IMAGEN: Pasillo en la escuela Presidente Alemán, edificio donde también se alojaba mi escuela en el turno vespertino, el Centro Escolar Revolución.
No cabe duda, el mirar hacia atrás tiene un giro hacia lo quimérico; así es, porque a eso lo empaña la nostalgia. Además, casi siempre sólo recordamos lo bueno. El presente es otra cosa. Lo invocamos sin añoranzas. Como decían en mi tierra: “A calzón quitado”. Lo actual es realidad, cruda y a veces cruel como ella sola, más que todo cuando a los trajines diarios los enmarañan mil y un problemas.
En el presente no hay poesía ni romanticismo, sólo deberes y un sinfín de conjeturas. A menos, por supuesto, que nos esforcemos para tomar las debidas pausas en nuestras vidas para recoger con gusto, en esos momentos de sosiego, ramilletes de rosas del camino.
Ay, pero que bonitos son los ayeres, esos tiempos de antaño, especialmente cuando, la mera verdad, fueron a veces tan buenos como los recordamos. Eso es el caso de lo que comíamos en aquellos tiempos, en nuestra casa ubicada en el costado norte de la escuela Presidente Alemán, en la colonia Cuauhtémoc (en los años cincuenta). Cuando vivía en mi querido Mexicali, mi pueblo, mi terruño. Aquel pedacito de patria junto a la barda del lado gringo. Mi tierra, la que orgullosamente mostraba su arrojo a pesar de aquellos innaturales calorones que allí azotaban.
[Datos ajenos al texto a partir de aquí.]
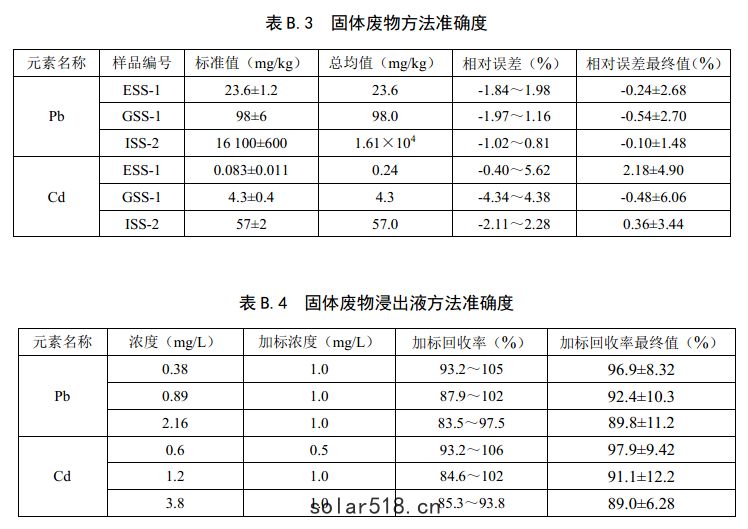 消解後方法準確度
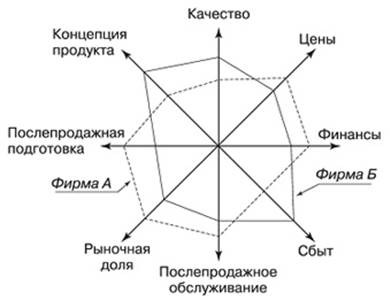 ТРЕБОВАНИЯ К ОФОРМЛЕНИЮ РЕФЕРАТА. Реферат выполняется в печатной форме в объеме 10-15 страниц - student2.ru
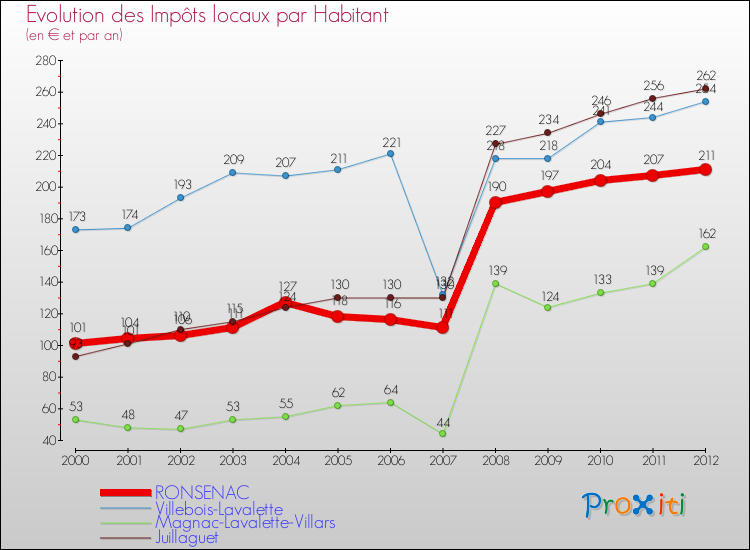 Evolution et montant des impôts locaux par Habitant pour RONSENAC et les communes proches Comparaison des impôts locaux par habitant pour RONSENAC et les communes voisines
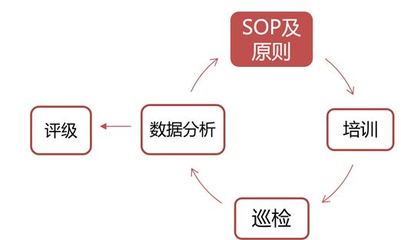 連鎖餐飲如何做到SOP、培訓(xùn)、巡檢和人員激勵(lì)聯(lián)動(dòng),解決運(yùn)營(yíng)難題!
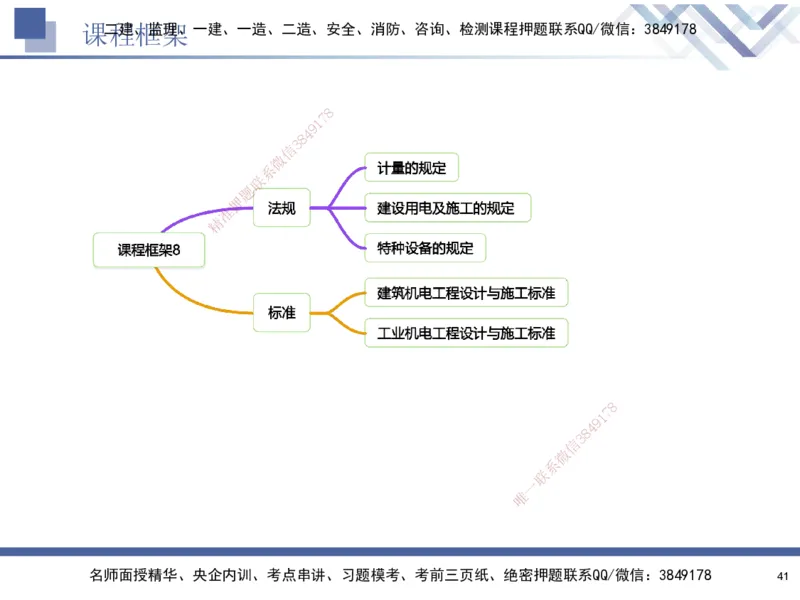 08.2025石莉-核心考点速记-机电实务8(1)(1)_2026年一级建造师_2026年一建机电_2025年一建机电SVIP_02-基础精讲✿高端面授✿深度强化_38-机电《核心考点速记》石莉HX_讲义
Lo mejor de todo era la comida, ya que en nuestra humilde morada nos alimentábamos bien, especialmente por las mañanas: tortillitas de harina, montones de ellas, creadas por nuestra madre, una señora que desde tempranito se levantaba para enfrentar los deberes del día. Las comíamos con mantequilla o acompañadas con frijolitos de la olla, refritos o recalentados mil veces. También con chorizo, con carne y papa, o simplemente con porciones de huevos revueltos.
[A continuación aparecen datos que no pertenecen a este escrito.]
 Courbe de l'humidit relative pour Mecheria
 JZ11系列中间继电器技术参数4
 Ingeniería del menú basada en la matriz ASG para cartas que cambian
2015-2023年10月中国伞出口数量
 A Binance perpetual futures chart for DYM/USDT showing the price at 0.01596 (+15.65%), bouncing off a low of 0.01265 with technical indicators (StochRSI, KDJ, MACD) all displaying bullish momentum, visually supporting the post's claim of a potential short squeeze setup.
En las altas horas de la noche, al igual nos alimentábamos bien. Antes de irnos a dormir registrábamos como locos los sartenes, en busca de remanentes de frijoles y otros bocados. Casi siempre quedaba algo. Una vez encontrados, los sacábamos con los dedos del sartén y los untábamos en pedazos de tortillas. Eran sabrosas esas tortillas, aún ya viejitas y medio duras.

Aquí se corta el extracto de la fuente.